Lactate of ammonia has the formula NH₄C₃H₅O₃. Uric acid, C₅H₄N₄O₃, contains a much higher percentage of nitrogen. It could be produced from lactate of ammonia by the condensation of the nitrogen-containing nucleus and the addition of a sufficient amount of oxygen to complete the oxidation of the superfluous carbon and hydrogen into carbonic acid and water. It is of little interest to count the number of atoms concerned in this process. If a bird be fed upon urea, or even upon various salts of ammonia, its liver will change them into uric acid. Lactate of ammonia is the nitrogen-containing compound with which the liver has normally to deal. It can handle almost any other combination of nitrogen with equal ease. In the protoplasm of the liver the atoms in the molecule of lactate of ammonia are rearranged. The molecules are condensed; water is set free; oxidation occurs. It seems almost as if molecules, when in contact with protoplasm, lose their individuality. Their atoms fall into new groups. Chains which the chemist finds so difficult to break—chains from which he can remove a link only by insinuating another and a stronger—are, when in contact with protoplasm, groups of isolated links. The links rearrange themselves. They join into new circlets, larger, smaller, more open, closer. As grains of sand on a metal plate group themselves in harmony with the vibrations caused in the plate by drawing a violin bow across it, so the atoms answer to the forces which set protoplasm vibrating. There is no waste of force. The chemist may need to enclose sawdust and lime in a crucible heated in an electric furnace if he wishes to compel them to combine as carbide. He supplies energy enormously in excess of the amount which the new compound will lock up. Under the influence of protoplasm the reactions which occur are exactly proportional to the amount of energy supplied. Or, if it be a reaction by means of which energy is set free, it occurs spontaneously. No energy is absorbed in setting it going. All the energy liberated is effective. The chemist very frequently needs to heat a substance in order to cause it to decompose, even though it be falling from a less stable to a more stable state.
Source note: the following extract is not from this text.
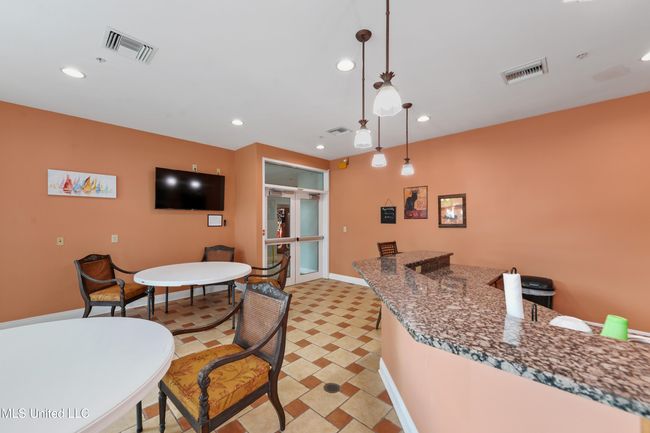 Indoor Kitchen | Image 37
Vital chemistry and mineral chemistry are so widely different in their methods that one is tempted to think of them as different in kind. We find it very difficult to look at both from the same point of view. Men’s minds are preoccupied with the things that they have to do for themselves. The chemistry of the laboratory is seen as a science circumscribed by the laboratory walls. If it were possible to stand outside, it would be evident that it is only a part of the science of molecular change. Matter changes its state under the influence of force. Many rearrangements are effected by the chemist which do not occur in nature. He has an almost infinite range of action. Yet many of the rearrangements of matter and force which are occurring in the dandelion on his window-sill (if the fumes of sulphuretted hydrogen have not killed it) he is unable to reproduce. It is largely a question of waste. Nature works with greater precision than the chemist; but the chemist could do all that Nature does if he had but the same control of force.